The rate constant of a first-order reaction is \(4.60 \times\) \(10^{-4} \mathrm{~s}^{-1}\) at \(350^{\circ} \mathrm{C} .\) If the activation energy is \(104 \mathrm{~kJ} /\) mol, calculate the temperature at which its rate constant is \(8.80 \times 10^{-4} \mathrm{~s}^{-1}\)

Short Answer

Expert verified
The temperature at which the rate constant is \(8.80 \times 10^{-4} s^{-1}\) is approximately \(533 °C\).

Step by step solution

01

Understand the Arrhenius equation

The Arrhenius equation is \(k=Ae^{-Ea/RT}\) where \(k\) is the rate constant, \(A\) is the frequency factor, \(Ea\) is the activation energy, \(R\) is the universal gas constant, and \(T\) is the temperature. Taking the natural logarithm on both sides, it becomes \(ln k = ln A - Ea/RT\). We will make use of this transformed equation.
02

Plug in the given values

We know two rate constants correspond to two temperatures. We can express them as \(ln k_1 = ln A - Ea/R \times 1/T_1\) and \(ln k_2 = ln A - Ea/R \times 1/T_2\). Subtracting the two equations gives \(ln (k_2/k_1) = Ea/R \times (1/T_1 - 1/T_2)\). We have the values for \(k_1\), \(k_2\), \(R\), \(Ea\) and \(T_1\).

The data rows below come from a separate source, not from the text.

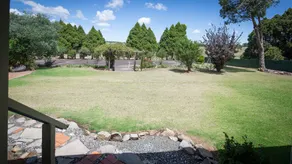 Amore Casa Tenterfield - Image 3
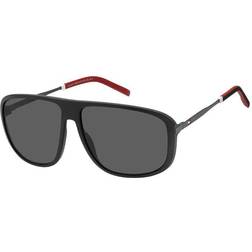 Tommy Hilfiger 003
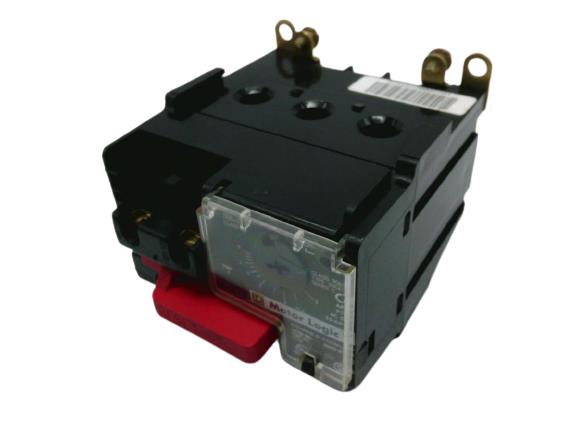 SCHNEIDER ELECTRIC 9065-SSC20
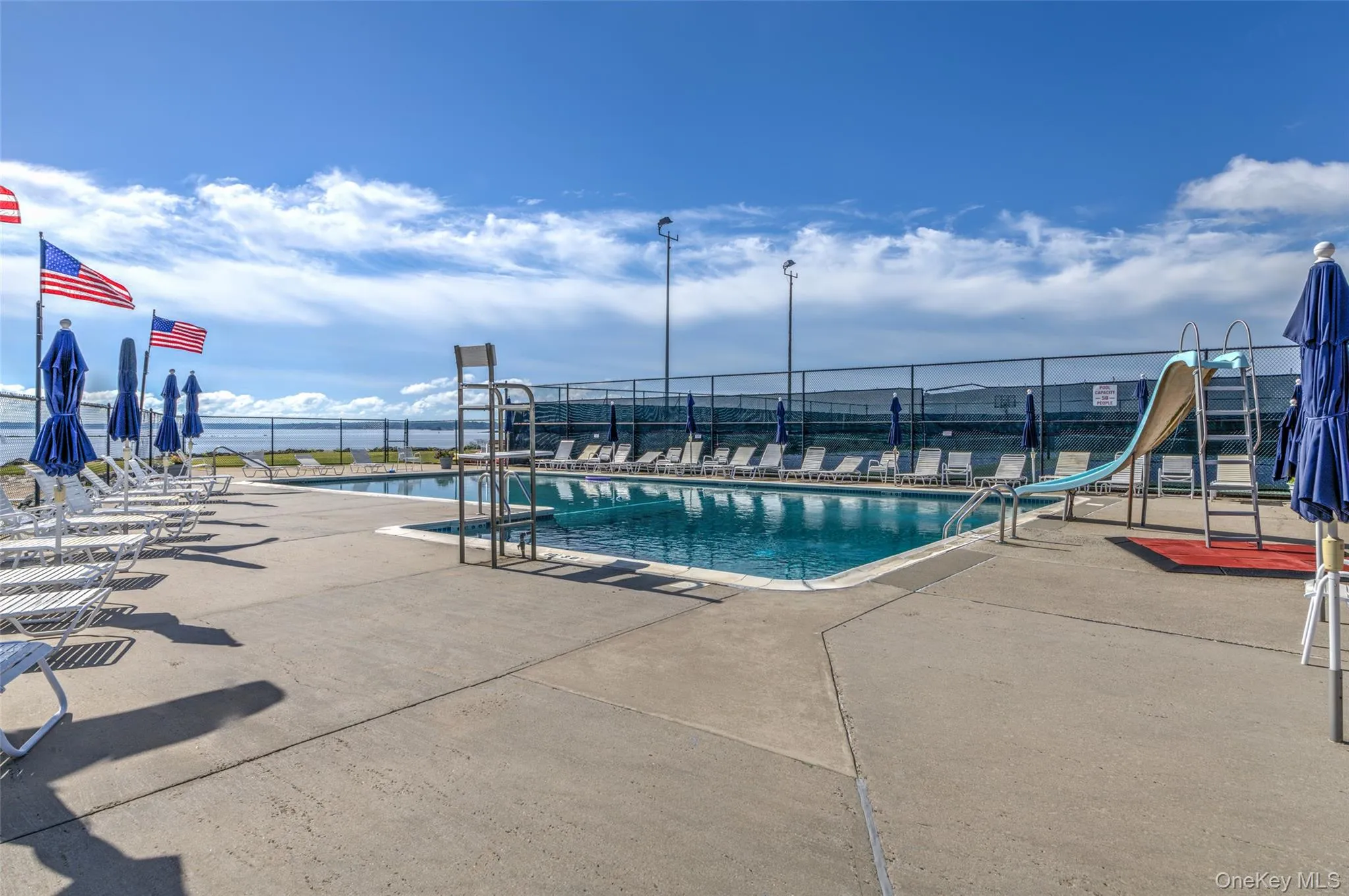 73 Kensington Oval, New Rochelle, NY, 5 Bedrooms Bedrooms, 12 Rooms Rooms,4 BathroomsBathrooms,Residential,For Rent,Kensington,0,1048871 73 Kensington Oval, New Rochelle, NY, 5 Bedrooms Bedrooms, 12 Rooms Rooms,4 BathroomsBathrooms,Residential,For Rent,Kensington,0,1048871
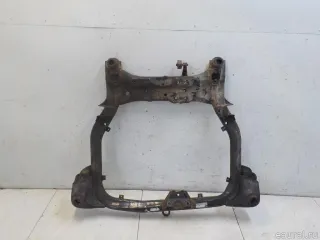 624051H021 Hyundai-Kia Балка подмоторная Kia Ceed 1 Арт E40845798, вид 1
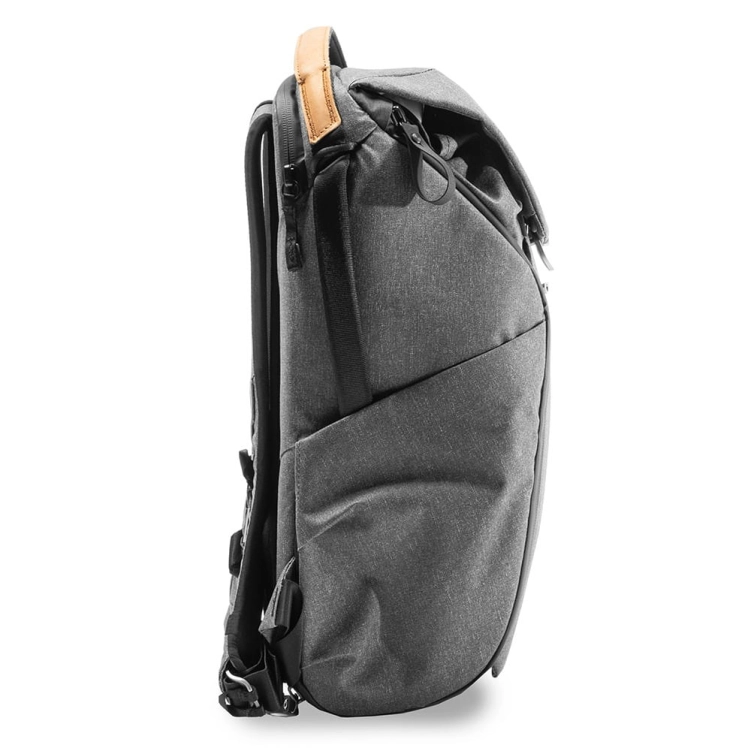 PEAK DESIGN Plecak Everyday Backpack 20L v2 - Grafitowy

The only unknown is \(T_2\), which is what we're asked to find.
03

Solve for T_2

Rearrange the equation to solve for \(T_2\). This gives \(T_2 = 1/ ((1/T_1) - (R/Ea) \times ln(k_2/k_1)) \). Remember to convert the activation energy to J/mol (1 kJ = 1000 J), the gas constant R to its appropriate value in J/(mol*K) (R = 8.314 J/(mol*K)), and T_1 to Kelvin (T_1= 350°C+273=623 K). Then plug in \(k_1 = 4.60 × 10^{-4} s^{-1}\), \(Ea = 104 × 10^3 J/mol\), \(R = 8.314 J/(mol*K)\), \(T_1 = 623 K\) and \(k_2 = 8.80 × 10^{-4} s^{-1}\) to calculate \(T_2\).
04

Convert to Degree Celsius

The solution from Step 3 will yield the temperature in Kelvin. We need to convert this to Degree Celsius by subtracting by 273. This gives the final answer.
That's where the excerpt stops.